Fucking fiddlesticks, I needed everyone to stop saying riding before I fainted from discomfort.

“He was my ER doctor, Dad,” I explained, and this time when he looked at Scott, his mouth was curved in appreciation.

“You took care of my Harlow after she got injured by that rider?”

“I sure did,” Scott answered helpfully, an amused smirk all but sewn on to his face. “I sutured her after the riding incident.”

“Who got hurt while riding, Scotty?” Nicole asked, her voice carrying a bit too nicely. Goddamn theater acoustics. I was torn between smacking Scott in the face or finding a way to dig a hole into the theater floor in order to migrate to China. Perhaps I can use my stiletto.

Apparently, as an outsider, it was hard to follow along with us as we talked in code.

“Harlow,” Scott answered and nodded toward me. “That’s how I met her. I had to suture her riding injury.”

I was going to kill him before Kinky Boots even started if he kept saying riding.

“How did she look afterward?” my father asked. “I bet she was a bit shaken up from that reckless rider.”

Scott grinned shamelessly, his cheeks coming to life with a rosy flush as he basked in my embarrassment. “She did look a little shaken up. Mostly just angry, though.”

“You were angry?” my father questioned and looked at me. “I really wish you would have gotten that rider’s name. I’d love to call him and give him a piece of my mind. No one should be that reckless.”

“I agree,” Scott piped up again. I wanted to smack him. “People should ride responsibly.”

“You’re right.” His mother nodded in agreement. “People should ride responsibly. Otherwise, they shouldn’t be allowed to ride at all.”

Now, although I was internally dying a slow death, given the circumstances that led to this very humiliation, it was hard not to agree with that. Barron the Bore should’ve had his riding rights revoked immediately after he rode my ass straight into the ER. Although, in Barron’s pathetic defense, a few days after his bed had sliced my head opened, he did send me an apology in the form of a nice bouquet of flowers. I appreciated the sentiment, but no contact with Barron for the next one thousand years was still the plan.

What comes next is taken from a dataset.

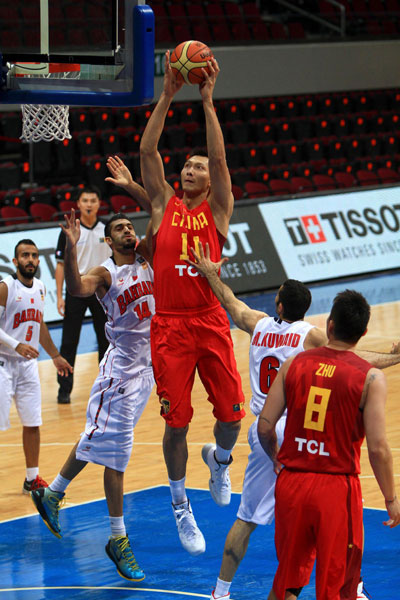 Yi Jianlian (11) of China jumps for a shot against Bahraini players at the 27th Asian Men's Basketball Championship in Manila, Philippines, Aug 7, 2013. Yi Jianlian storms back to help China crush Bahrain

“So, you didn’t get the man’s name?” Scott questioned, childishly continuing this farce of a conversation for nothing more than his enjoyment, and I fought the urge to roll my eyes.

“Nope.”

“Really? I would’ve thought you would’ve at least gotten a name or phone number…something…”

“I didn’t,” I snapped.

My dad sighed heavily. “You really should have gotten that rider’s name, Low,” he added in disappointment, but thanks to the dimming lights, both my view of his disappointment and the time for speaking began to fade.

And for once in my life, as the curtain started to lift, a Broadway show was my favorite fucking thing on the planet.

My least favorite thing? Scott fucking Shepard.